LIGO Hanford engineers, Chandra Romel and Daniel Sigg prepare LHO's “test mass discharge system” (TMDS). It is believed that an earthquake in Idaho in March caused the mirrors ("test masses") to rub against the earthquake stops, building enough charge to negatively impact the interferometer's range. The TMDS will remove the charge.

LIGO Observatories Humming with Upgrade Activities

News Release • August 24, 2020

By Kimberly Burtnyk

After 4 months of quiet, with only skeleton crews onsite, the LIGO observatories in Washington and Louisiana are now allowing more staff to return to get the instruments up and running again and to prepare for previously planned upgrades. After the COVID-19 outbreak forced an early end to LIGO’s third observing run (O3) on March 27th, the interferometers were powered off and staff were required to work from home to stay safe and prevent any potential spread of the virus. In this time, about three staff members were on site at any given time, compared to the 40 or so who typically occupy each observatory.

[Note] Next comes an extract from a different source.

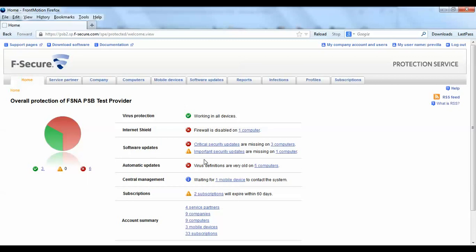That should get you started. Please let us know if you have any questions. From all of us here at F-Secure, thank you for watching this video.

Months sitting idle can wreak havoc on complex devices like LIGO’s interferometers, so as soon as circumstances allowed, and after some very careful consideration, plans, and mitigations by LIGO management, some staff were allowed to return to see how the instruments were faring. Livingston began letting some staff back on site on July 6, as civil authorities in Louisiana had by then declared a statewide “Phase Two,” which enabled increased activity at LLO. Within days of returning to the site, LLO staff successfully repowered and locked the interferometer, reporting that everything was in good working order.

Hanford was unable to follow suit at that time due to rising numbers of COVID-19 cases in eastern Washington State. However, conditions have subsequently improved enough in WA that a limited number of Hanford staff and engineers began returning to the site as of July 27. Within days, they too had powered-up and locked the interferometer.

Extra work was required at LHO because it is believed that the magnitude 6.5 earthquake in Idaho on March 31 caused the mirrors ("test masses") to rub against their earthquake stops, building up an electrostatic charge that can adversely impact the interferometer's range. At the end of O3, LIGO's range to detect colliding neutron stars was about 120 Megaparsecs (Mpc), or about 390 million light years. But when LHO engineers returned to the site in late July/early August, the instrument was reaching just 100 Mpc (~326 million light years). To rid the test masses of the charge, LHO engineers utilized a device called a “test mass discharge system” (TMDS). The TMDS works by ionizing ultra-clean air through an ionizer that connects to the vacuum chamber containing the affected mirror, and spraying the air in-vacuum to neutralize the electrostatic charge. Subsequently, the air is pumped back out of the vacuum chamber.

LHO has now performed this exercise on all four test-masses and will hand the machine over to the commissioning team later this week so they can measure the success of the operation. Success will mean recovering a range of 120 Mpc. That will be a sign that we can start the planned upgrade work at LHO.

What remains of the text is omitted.